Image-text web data
__________________________________________________
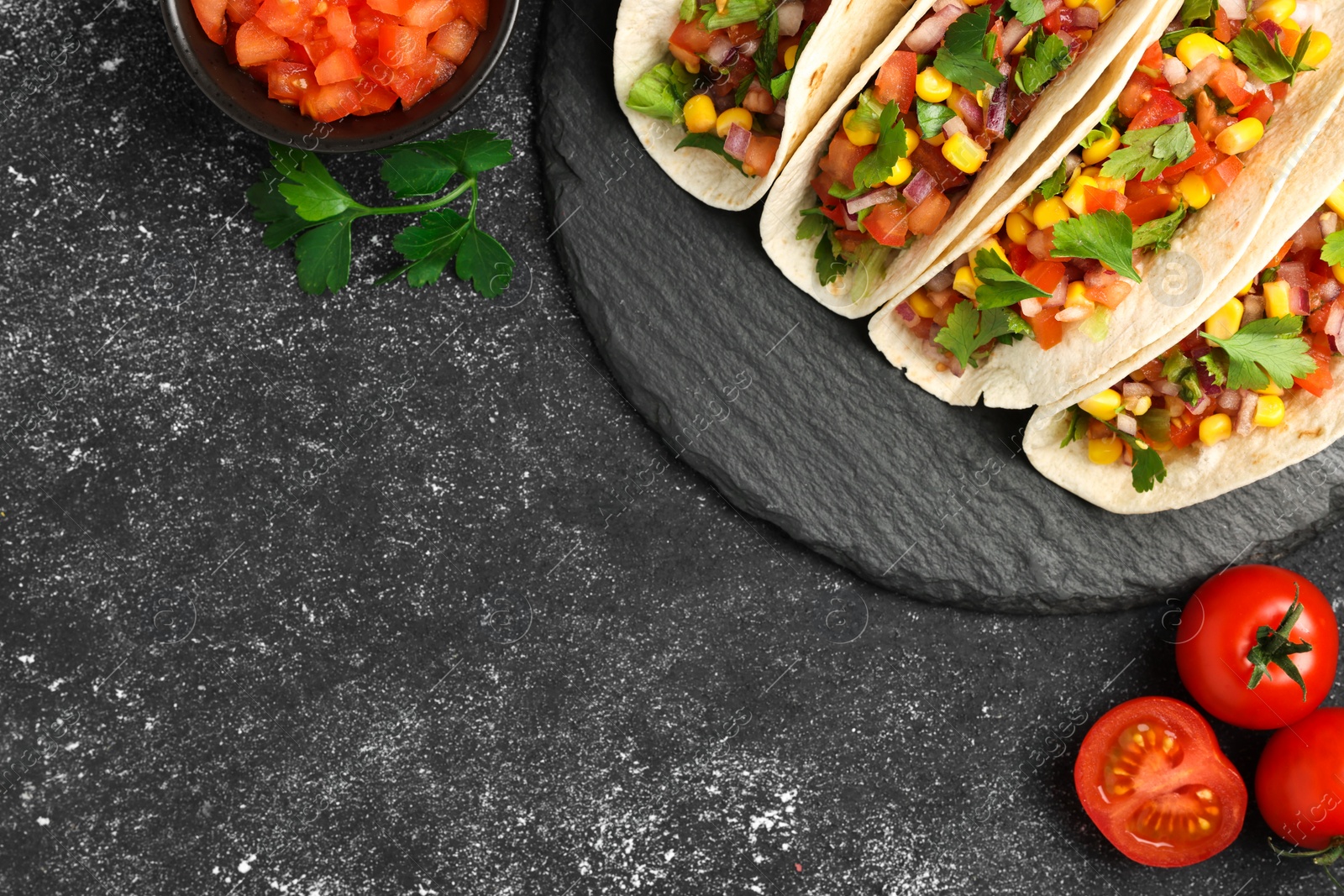 Photo of Tasty tacos with vegetables on black textured table, flat lay. Space for text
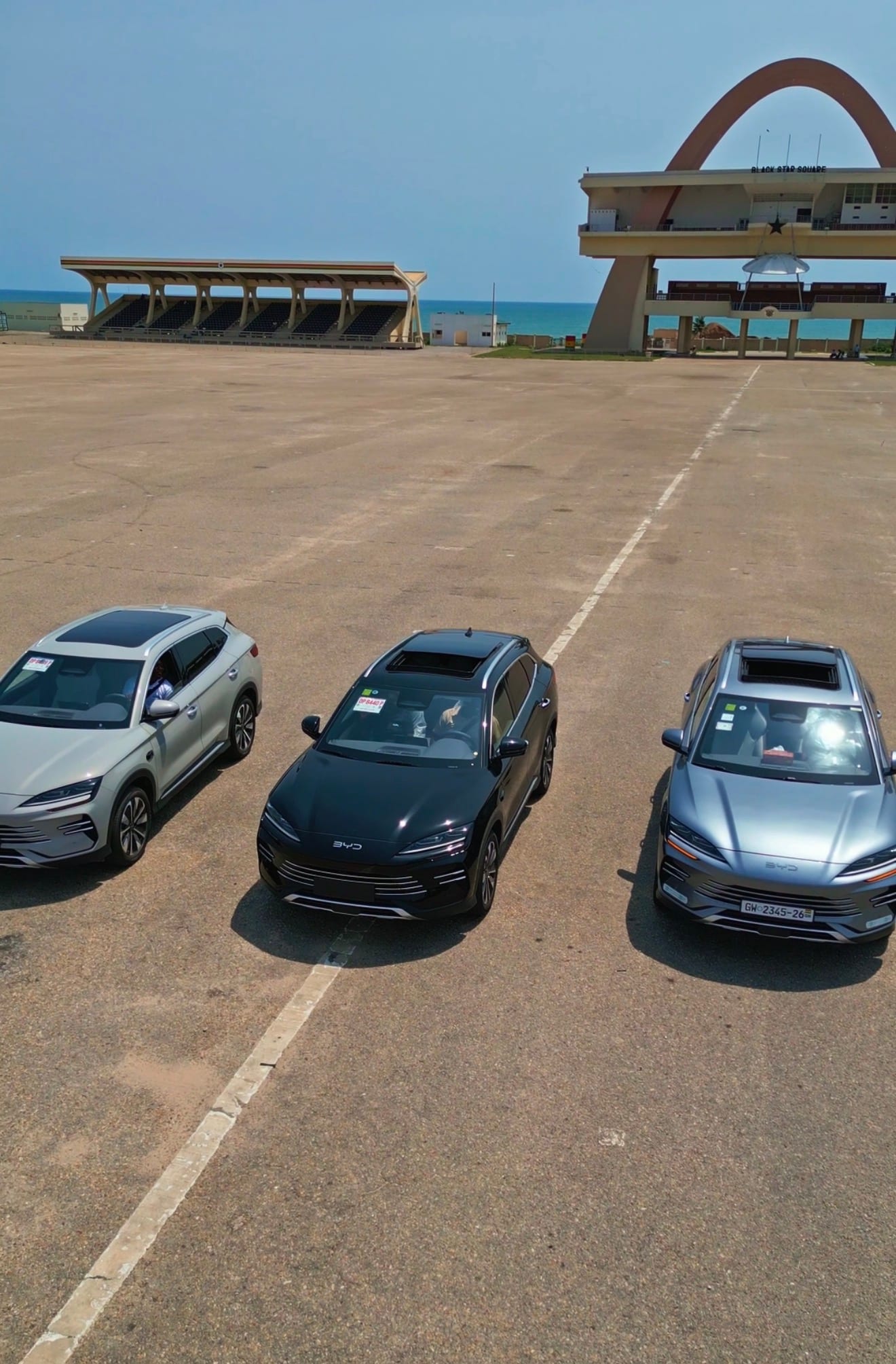 Transparent Rentals fleet of three 2025 BYD Song Plus SUVs parked at Black Star Square in Accra, Ghana — silver, black, and grey vehicles ready for chauffeur-driven car hire with a professional driver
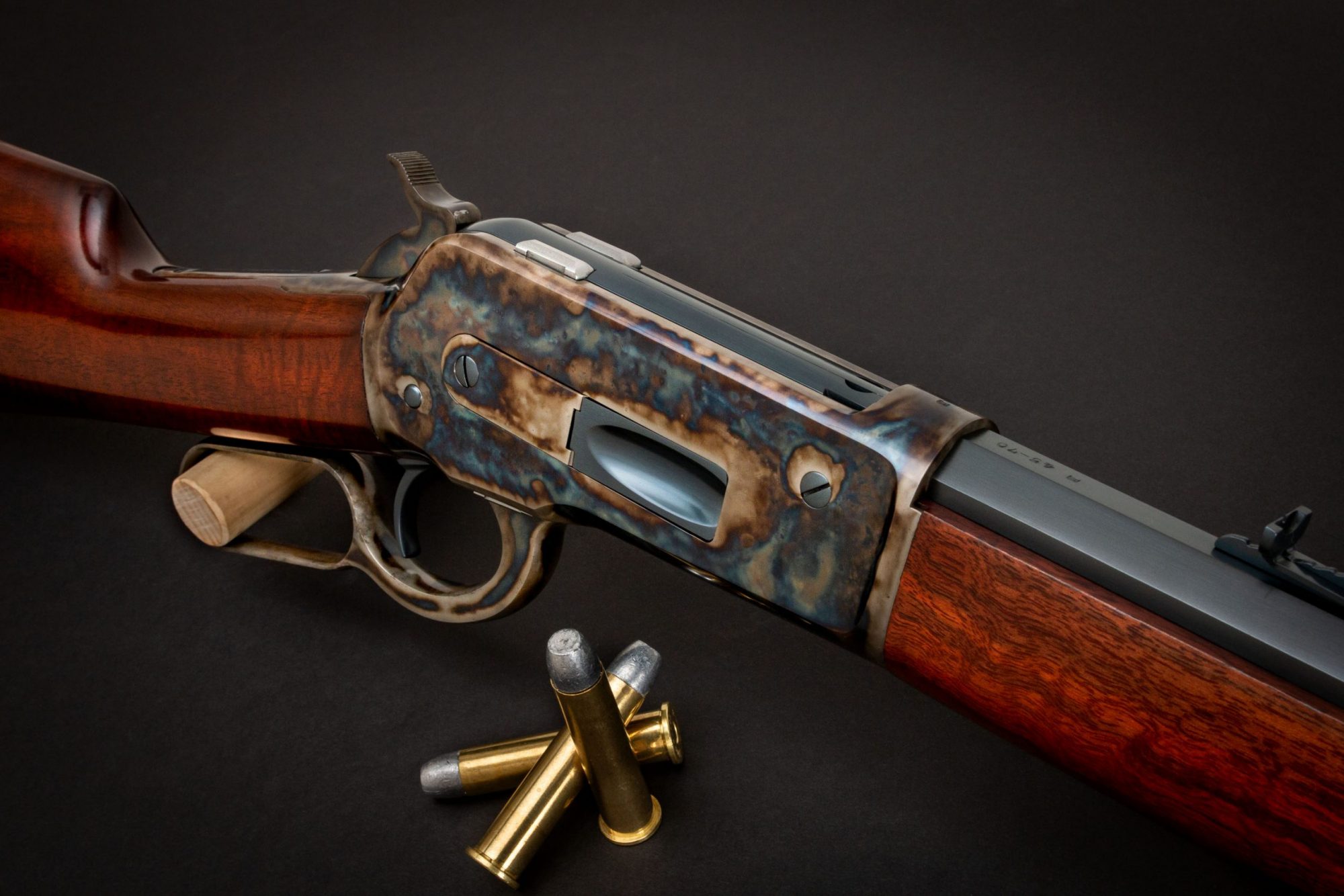 Photo of a Winchester Model 1886 reproduction - The Turnbull Restoration Model 1886 features classic era metal finishes including bone charcoal color case hardening, charcoal bluing and rust bluing
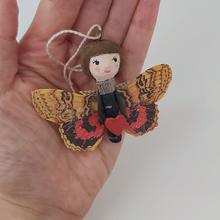 Load image into Gallery viewer, Spun cotton Valentine's Day butterfly girl, held in hand for size comparison. Pic 2 of 4.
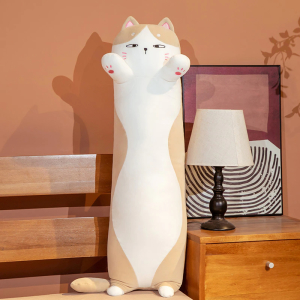 On a bed with a bedside table next to it, with a white bedside lamp and a frame behind it, is a white and brown cat pillow, standing on its tiny hind legs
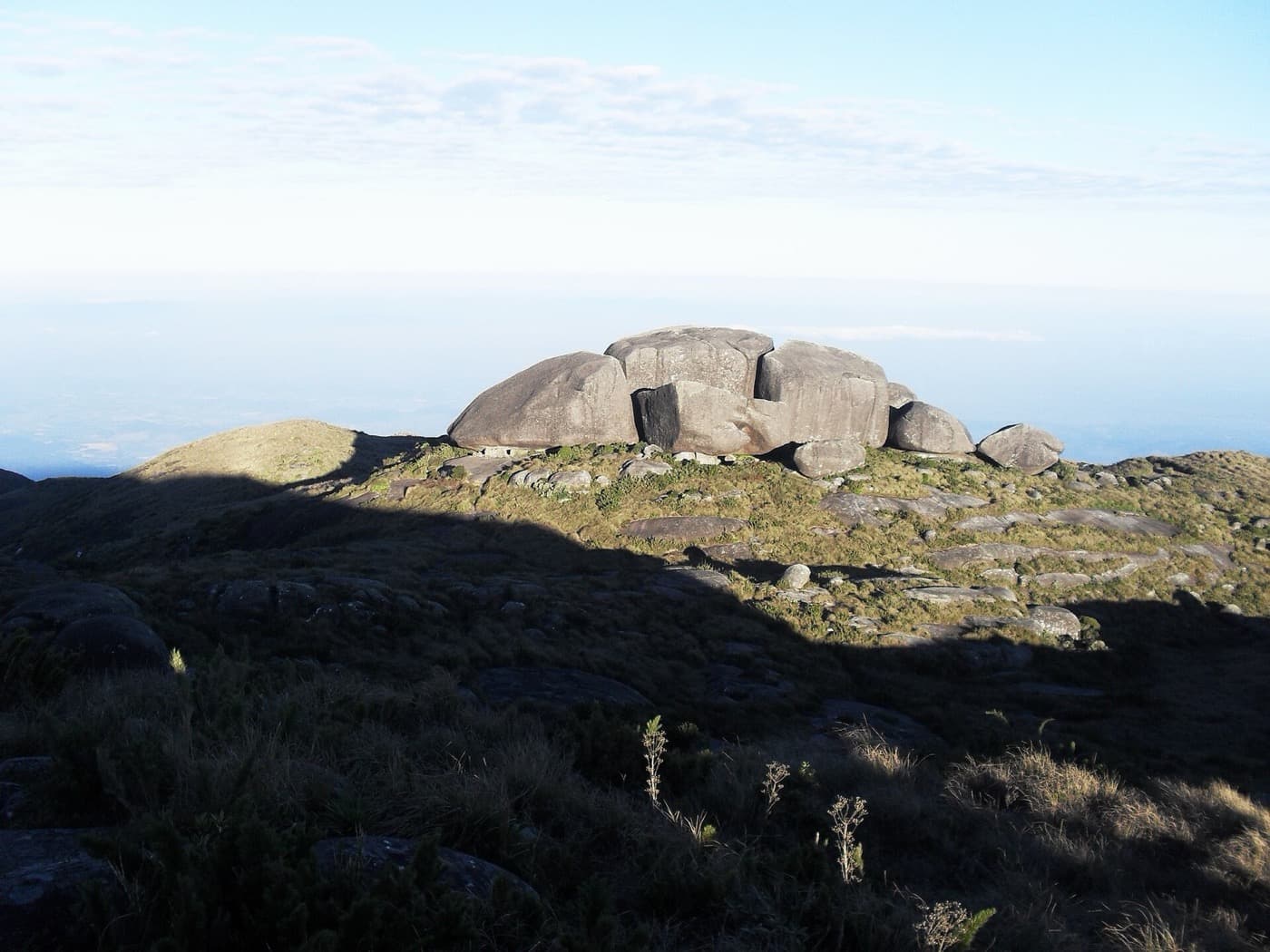 Blocos de granito dos Castelos do Açu sobre o campo de altitude no fim da tarde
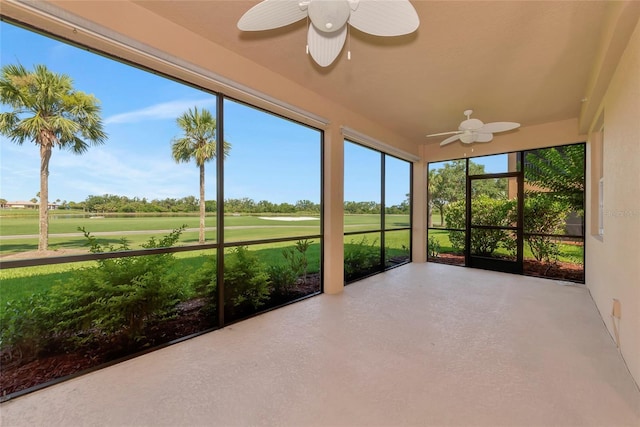 318 Winding Brook Ln Unit 104, Bradenton, FL 34212 - unfurnished sunroom featuring a ceiling fan, golf course view, and concrete flooring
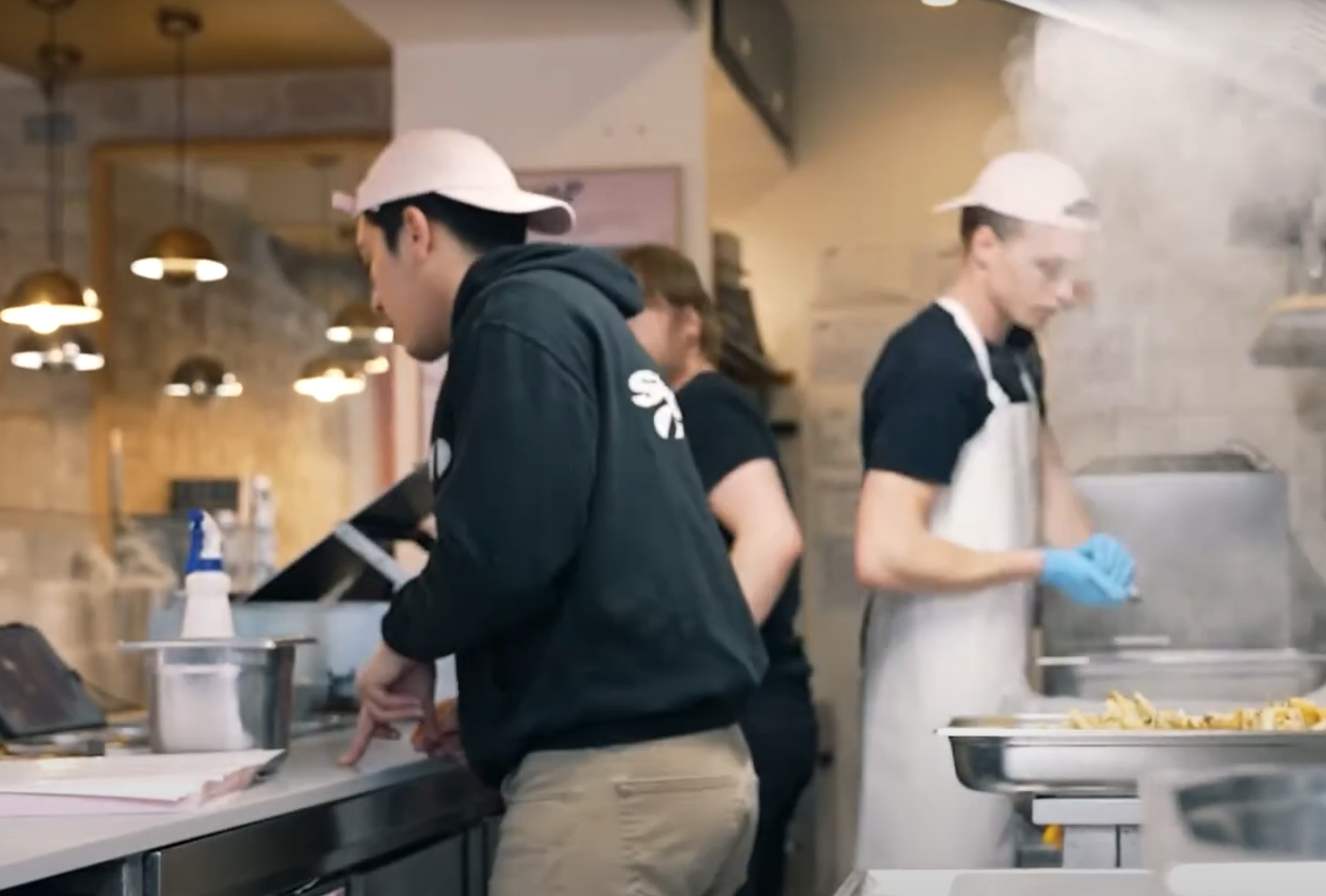 Photo de cuisiniers en train de préparer des burgers en cuisine.
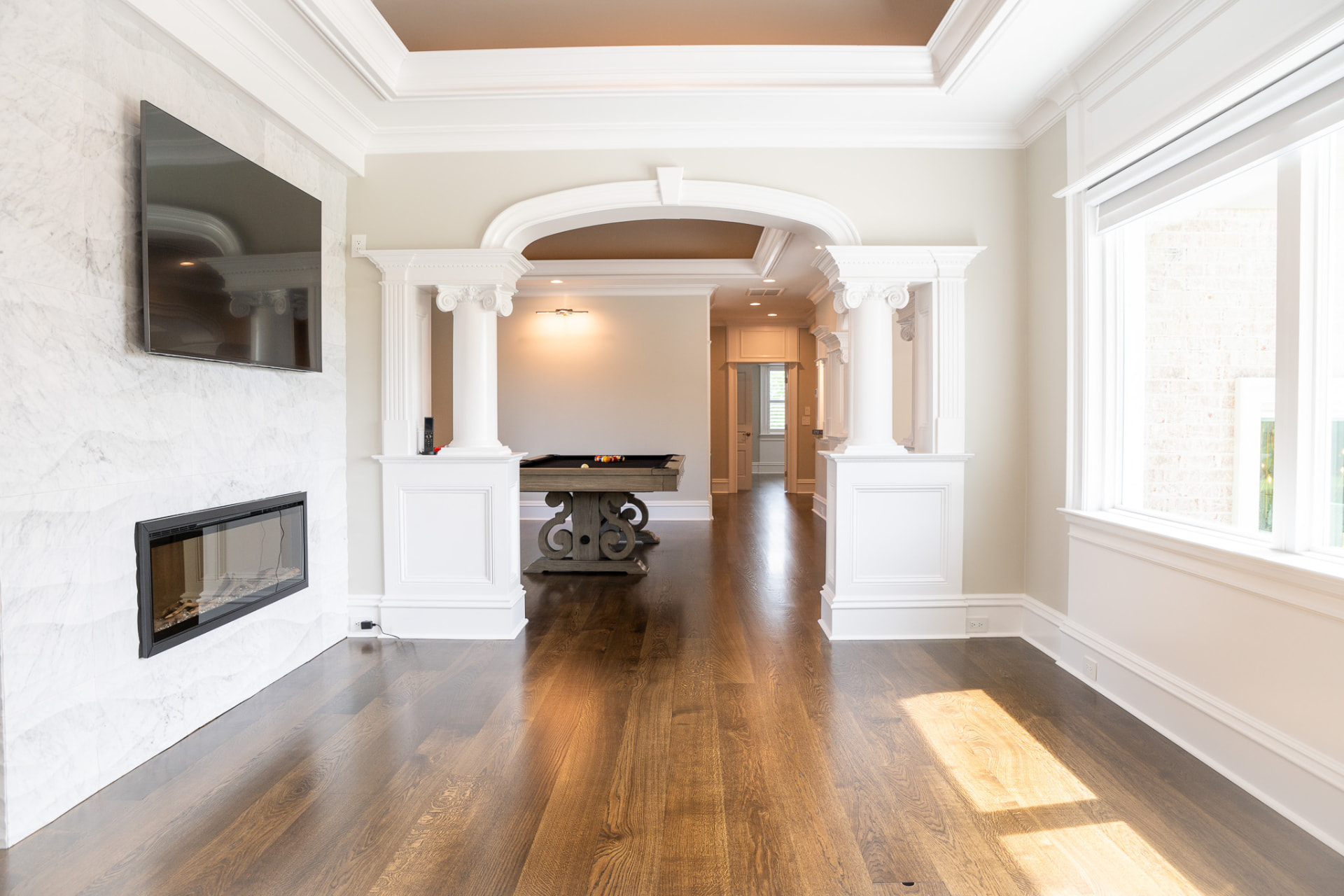 Game Room & Column Screen — Elliptical arch on paired columns, tray ceilings and wire-brushed oak flooring through the lower level.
__________________________________________________
## What the task asks
Please transcribe exactly the lines from the one containing "Blocos de granito" through the last line of the records above, both included, and leave out every picture.

## Response for this exercise
 Blocos de granito dos Castelos do Açu sobre o campo de altitude no fim da tarde
 318 Winding Brook Ln Unit 104, Bradenton, FL 34212 - unfurnished sunroom featuring a ceiling fan, golf course view, and concrete flooring
 Photo de cuisiniers en train de préparer des burgers en cuisine.
 Game Room & Column Screen — Elliptical arch on paired columns, tray ceilings and wire-brushed oak flooring through the lower level.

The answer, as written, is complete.